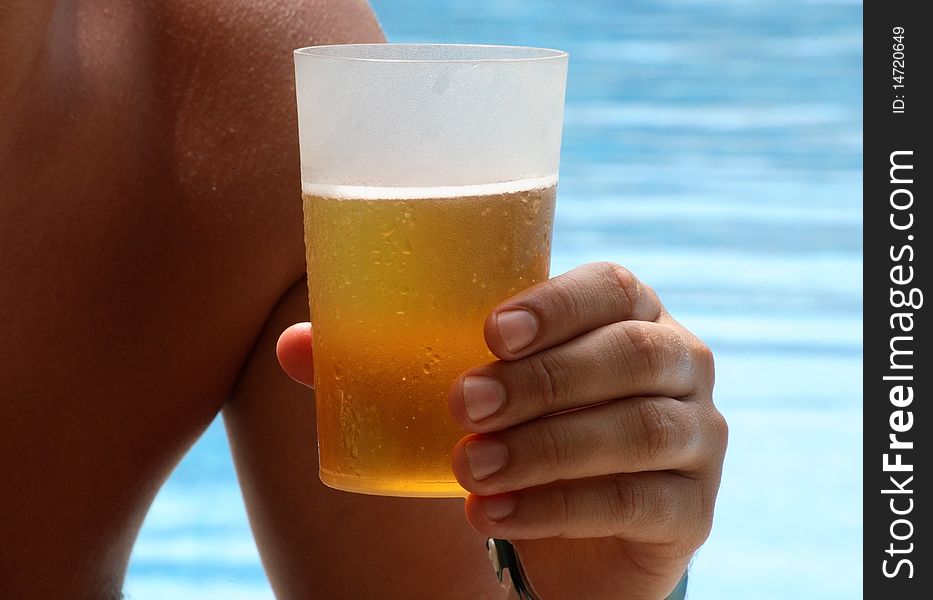 Man holding a beer glass, water background, outdoor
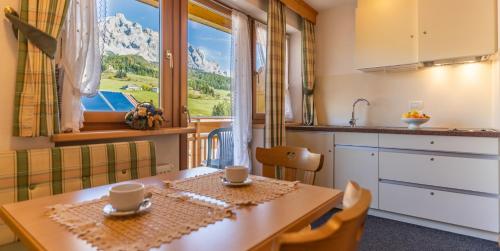 a kitchen with a table and a view of a mountain at Garnì Lasteis B&B - apartments in La Villa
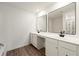 Bathroom with a white vanity and double sinks, complemented by square mirrors at 962 Edwin Ln, Sugar Hill, GA 30518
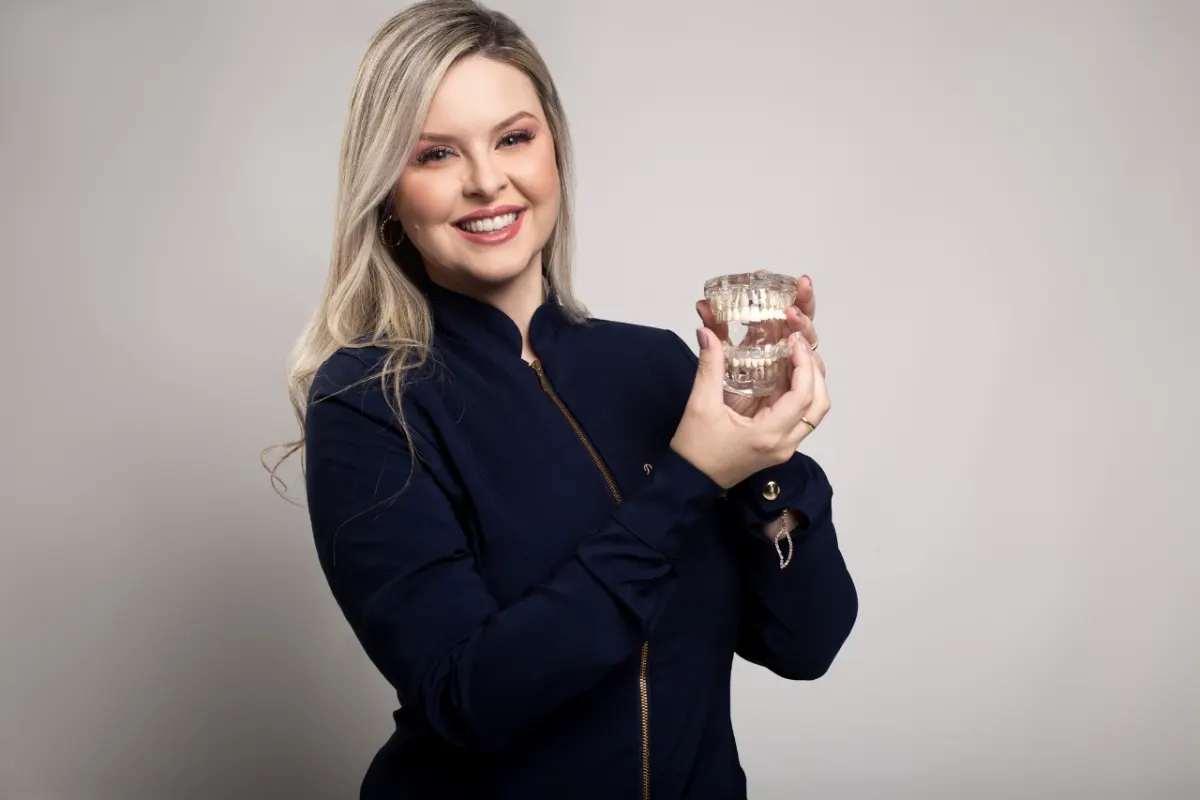 Dra. Maruza Ludvig segurando modelo de arcada dentária usado no planejamento de implantes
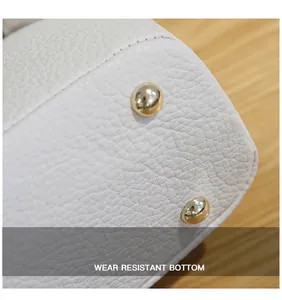 Detailopname van de witte litchi lederen tasbodem met gouden metalen beschermende noppen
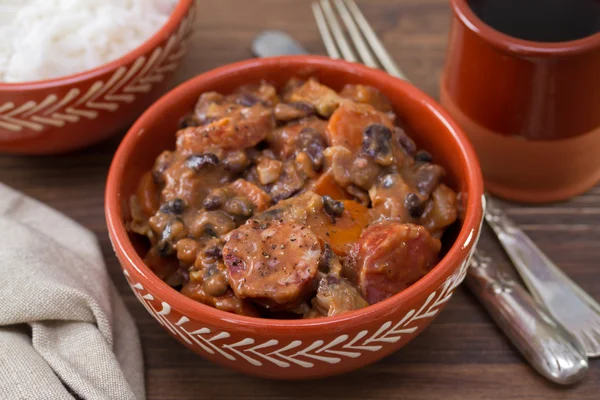 typical portuguese dish feijoada in ceramic brown bowl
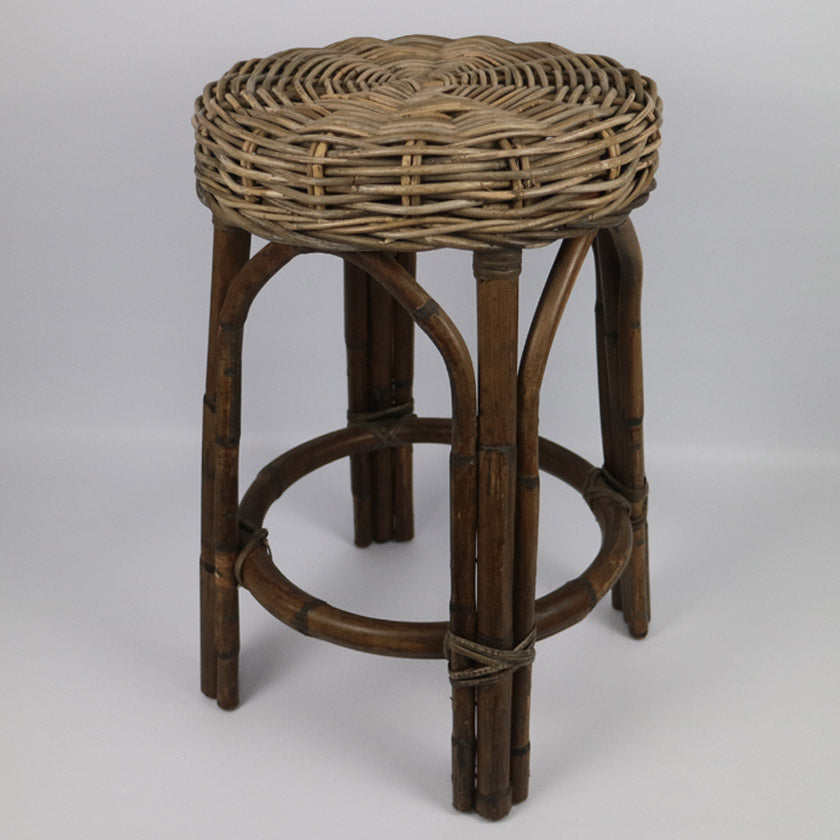 A rustic wicker and bamboo bar stool with a round woven seat, dark brown bamboo legs, and a circular footrest, photographed on a neutral light gray background.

* _How to complete this task_: With all pictures removed, reproduce the lines from the top of the entries above through the line containing "Dra. Maruza Ludvig", exactly as written.

* _Written answer_:
 Man holding a beer glass, water background, outdoor
 a kitchen with a table and a view of a mountain at Garnì Lasteis B&B - apartments in La Villa
 Bathroom with a white vanity and double sinks, complemented by square mirrors at 962 Edwin Ln, Sugar Hill, GA 30518
 Dra. Maruza Ludvig segurando modelo de arcada dentária usado no planejamento de implantes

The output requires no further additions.